If you can move the headstock up, that's the way I would go.


----------



## wa5cab (Feb 17, 2017)

I agree.  Fewer holes to drill and tap, and might remove the lead screw wear.  But if the wear locations on on the bed and leadscrew allow, I would only shorten it to 12x24.  Which means a 42" bed.  Although the center-to-center distance and bed length don't actually have to vary in 6" increments.

However, before you start cutting, you need to make sure that with the bed shortened to a certain point, you can bolt down the headstock without interference from the cross webs in the casting.  So after stripping all of the parts or assemblies off, test fit the headstock  in the tentative location and confirm that you can drill the two small holes that position the headstock longitudinally and that you can fit the clamp and then get a wrench onto the clamp bolts.  The worn area in the bed shouldn't be a problem even if the headstock happens to fall within it after shortening the bed as the headstock sits on the inner parts of the ways and the carriage runs on the outer parts.

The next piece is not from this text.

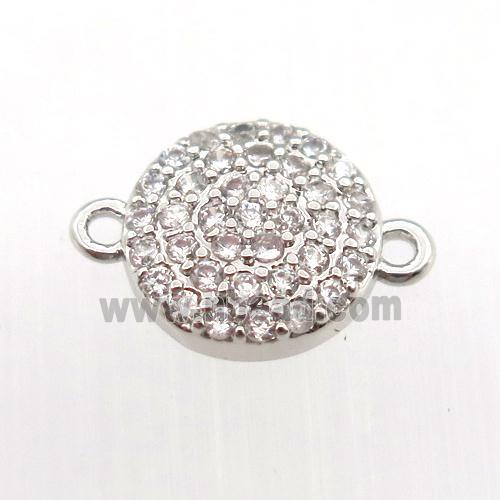 copper connector pave zircon, circle, platinum plated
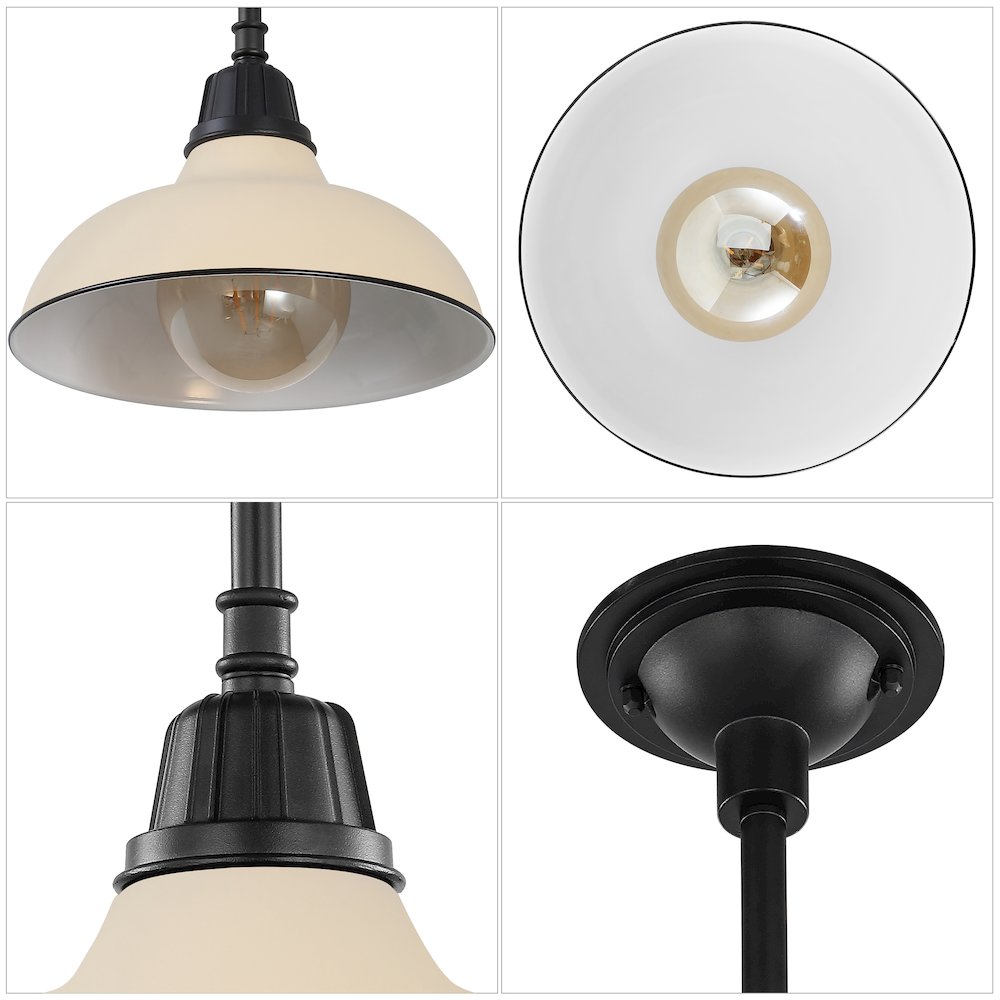 Jasper 12.25" 1-Light Industrial Indoor/Outdoor Iron LED Pendant, Matte Almond. Picture 4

But, you didn't state the model number of your lathe, only that it is a 12x36.  A lot of the early 12" had 5/8" diameter leadscrews.  If the leadscrew is 3/4", you will need to turn down a short part of the left end to 5/8" and cut a short keyway.  If the reduced diameter falls in the threaded part of the leadscrew, the turning will remove most of the acme threads and I think that it won't matter much where the cut falls.  If the leadscrew is 5/8" and the cut happens to fall in the worn area, that might be a problem.


----------



## azscooby (Feb 18, 2017)

It's a 7403, so 3/4" leadscrew, which also has severe wear but only in about a 2" area....whoever had this lathe must have worked exclusively within those first 2-3 inches....

I agree that shortening would be the easiest way to go.  I have a little Benchmaster mill so I should be able to mill the slot after turning it down.

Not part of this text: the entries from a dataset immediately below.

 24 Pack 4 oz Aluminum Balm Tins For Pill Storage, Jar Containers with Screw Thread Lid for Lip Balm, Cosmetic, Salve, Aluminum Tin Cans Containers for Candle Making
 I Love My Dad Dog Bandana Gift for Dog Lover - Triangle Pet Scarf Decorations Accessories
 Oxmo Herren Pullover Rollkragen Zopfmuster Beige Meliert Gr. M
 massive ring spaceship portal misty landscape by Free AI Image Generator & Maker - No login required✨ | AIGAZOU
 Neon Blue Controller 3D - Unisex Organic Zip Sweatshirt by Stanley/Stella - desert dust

I'm surprised no one else has done this especially on the longer 54" bed lathes...(which also worries me as there may be an obvious reason that I'm not seeing.)

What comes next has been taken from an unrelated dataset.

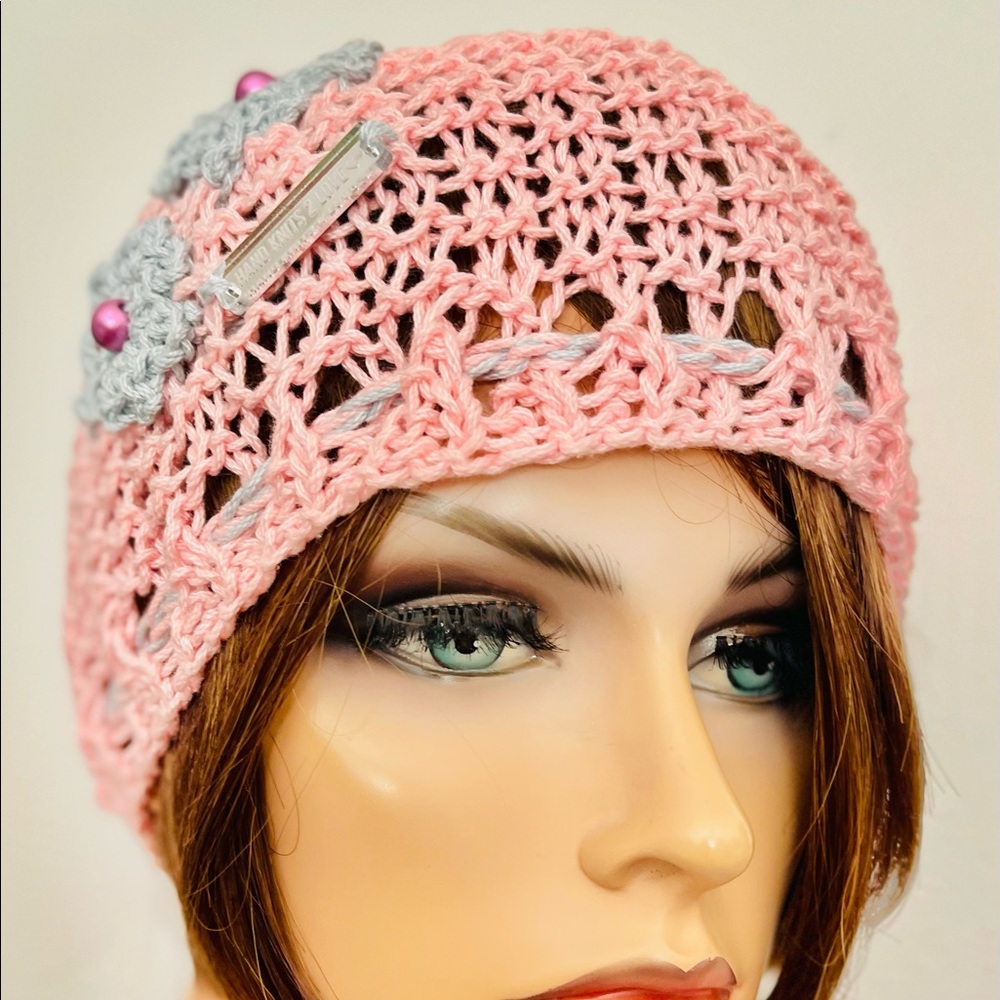 Hand Knits 2 Love Cotton Cap Hat Beanie Flower Beads Adjustable Fit Designer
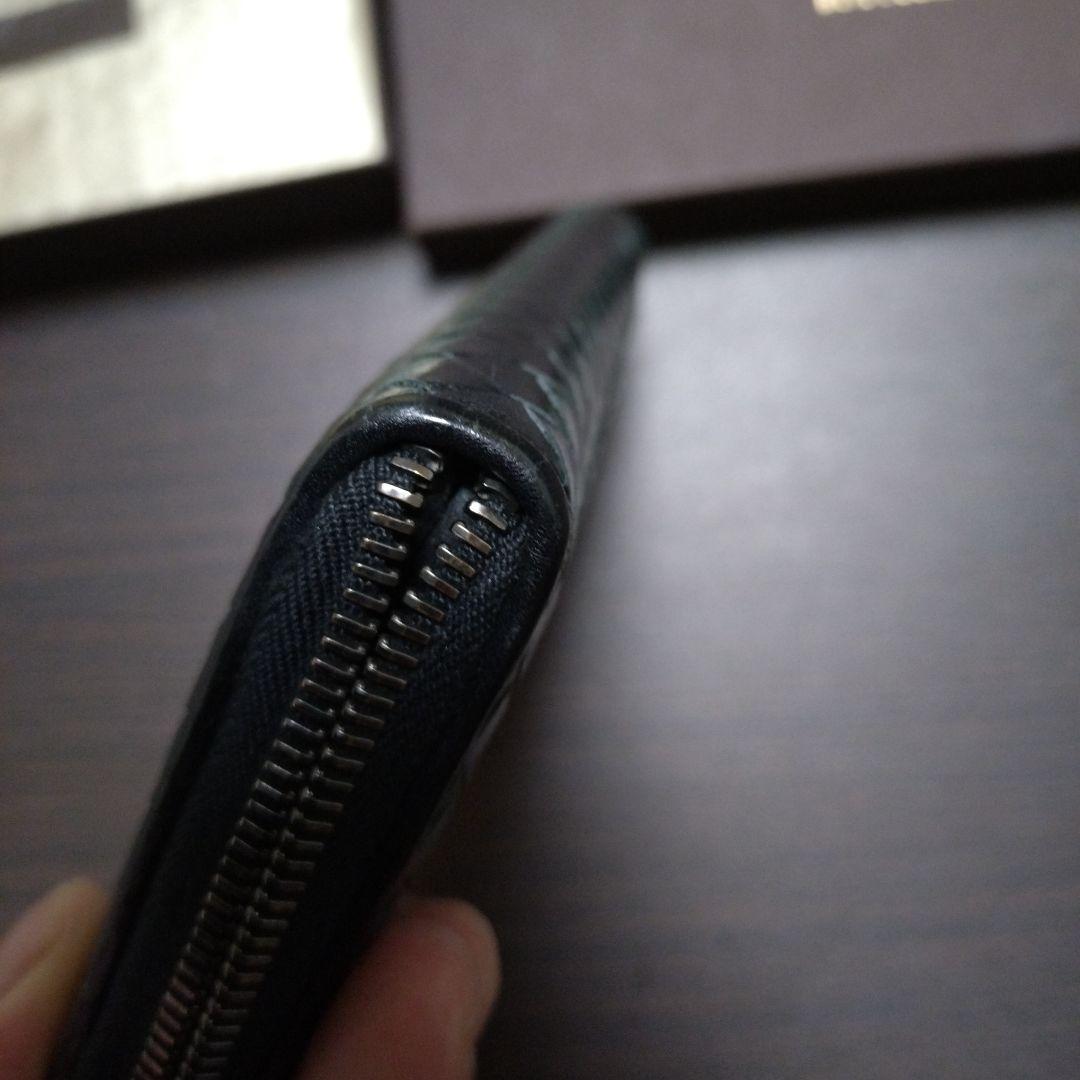 ラ*0様 BOTTEGA VENETA ブラックレザーラウンドジップ長財布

But from memory, it seems all I'd need to do is drill/tap the two new leadscrew bearing holes in the bed, the two new headstock holes in the end of the ways (no tapping) and the three holes that hold the bed to the left legs, as well as soften the leadscrew....

Anything else I'm missing?  Assuming the alignment of the headstock at the clamp doesn't interfere with any webbing this seems like it may work....but cutting that bed is going to be quite the commitment.....no going back.

I'd probably go ahead and drill/tap all the holes and set it up (without the gears or leadscrew) just to verify it'll all work, because once I cut, that's it.


----------



## wa5cab (Feb 18, 2017)

As I recall, the two or three people who talked about shortening their bed, rack and lead screw ended up finding a better condition bed instead (either shorter, longer, or the same length).  So you may be the first that I know of to actually do it.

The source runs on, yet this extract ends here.